Lefse can be eaten cold however you can also warm it through microwave cooking for few seconds. Some regional variations do exists in Norway, though this bread is flatbread, some versions are very interesting to know. Tynnlefse which is made in Central Norway is rolled very thin and stuffed with butter, sugar and cinnamon while Tjukklefse is a thicker version and its served as cake with coffee. Check Wikipedia to see the varieties of lefse exists in Norwegian cuisine.Do you know, Scandinavian Americans eats lefse for Thanksgiving and Christmas. Family members often gather together to cook lefse as this flatbread needs some skills and patiences which is passed down from generations to generations. Nowadays Lefse can be found in grocery stores easily as most of the Norwegian families tends to purchase them easily rather than making it. If you are an expert in rolling our own Indian rotis, trust me you will definitely roll out some prefect Lefse with less efforts. Am running a month of blogging marathon with A-Z International flatbreads as theme for this whole month of September. And here comes Lefse from Norway for this month’s theme.
Recipe Source: Here
Peel and cook the potatoes with enough water until they turns soft. Now mash them well and keep aside.

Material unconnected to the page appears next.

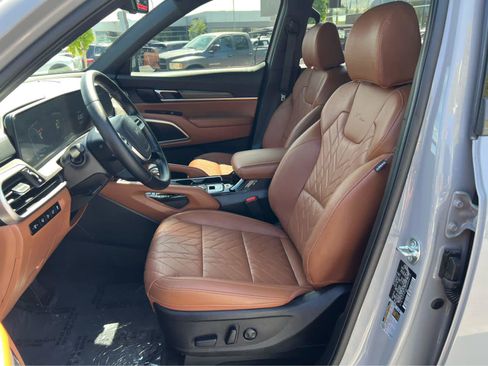 Used 2025 Kia Telluride EX X-Line AWD/4WD image 29
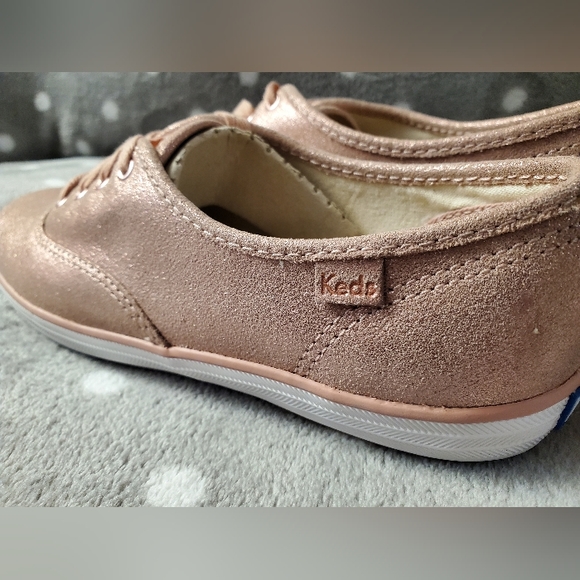 Keds - Brand New never worn size 8.5 - Picture 5 of 17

In a large bowl, beat the butter, cream, salt and sugar until they turns smooth.
Add the mashed potatoes, flour and mix everything slowly well until the mixture turns as a smooth dough.
Make a medium sized balls from the dough.
Lightly flour the worked surface and roll the ball with rolling pin as thin as possible.
Heat a griddle, drop the rolled lefse and cook until the bubbles form, cook on both sides until lefse turns golden brown.
Place the lefse on a dam towel to cool slightly and cover them with a towl until they are ready to serve.